Più della metà dei giovani non si sente parte di una comunità e di questi 3 su 4 non ne sentono neanche la mancanza. La percentuale di chi si riconosce pienamente in una comunità sale solo al 37% anche tra i cattolici praticanti.
Lo scarso senso di appartenenza a una comunità si sposa con la sensazione di contare poco nell’ambiente in cui si vive. Questo vale per il 48% degli italiani (60% giovani).

Alla ricerca di un senso profondo della vita: la dimensione spirituale

Complessivamente, però, per il 72% degli italiani la sfera spirituale è importante. Il 56% si sente parte del cammino dell’umanità, il 55% si interroga sul senso profondo della vita, il 54% avverte la mancanza di qualcosa che i beni materiali non possono dare.

Tuttavia, il 53% ritiene che il cammino interiore sia una esperienza soggettiva, da vivere individualmente, non in modo condiviso. E solo per il 19% una vita degna di essere vissuta è quella in cui si fa del bene agli altri.
Resta però un 28% di persone che coltivano la loro spiritualità partecipando ai riti religiosi secondo la propria confessione.

Poco altruismo, molti rammarichi

Solo il 18% degli italiani ritiene di non avere nulla da rimproverarsi. Il 64% pensa invece di non avere messo a frutto adeguatamente i propri talenti (percentuale che sale al 70% nell’età di mezzo, tra i 45 e i 65 anni). Appena il 18% si rammarica di non avere fatto di più per gli altri.

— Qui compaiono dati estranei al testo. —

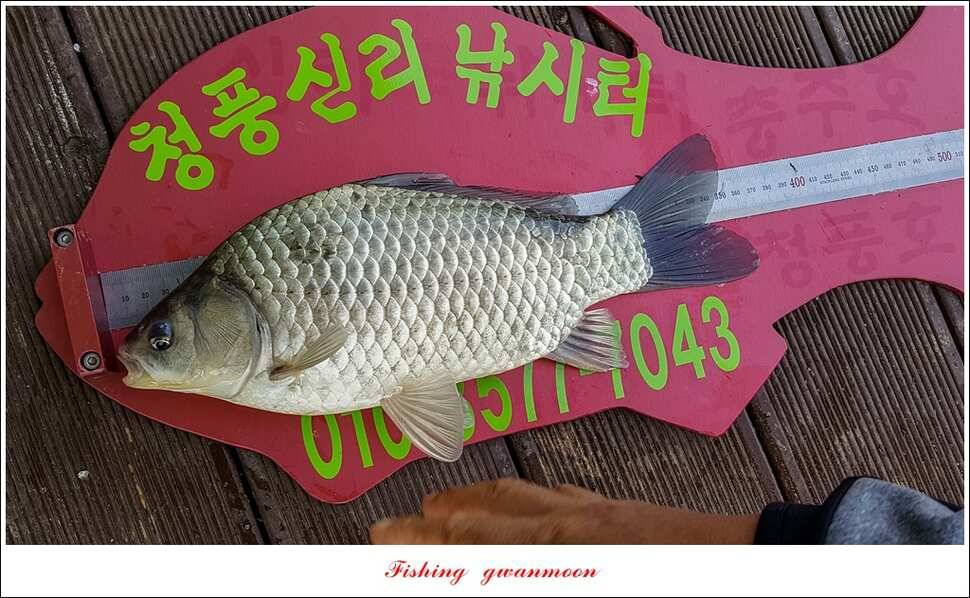 돌감 사짜한버들실리곡청풍 신리 월척 조황 소식 (조황조행기 - 특파원조황)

Insomma, la parabola dei talenti fa riflettere più della parabola del buon samaritano. Poi però il 64% prova sensi di colpa, soprattutto a causa del proprio egoismo.
“Dietro ogni momento di indifferenza tralasciante c’è una dinamica psichica che rinvia agli atteggiamenti soggettivi qui richiamati – commenta Giuseppe De Rita, presidente del Censis -. Riprendere oggi il filo del ’74 significa approfondire non più i mali di Roma, ma il cruciale male del soggettivismo indifferente”.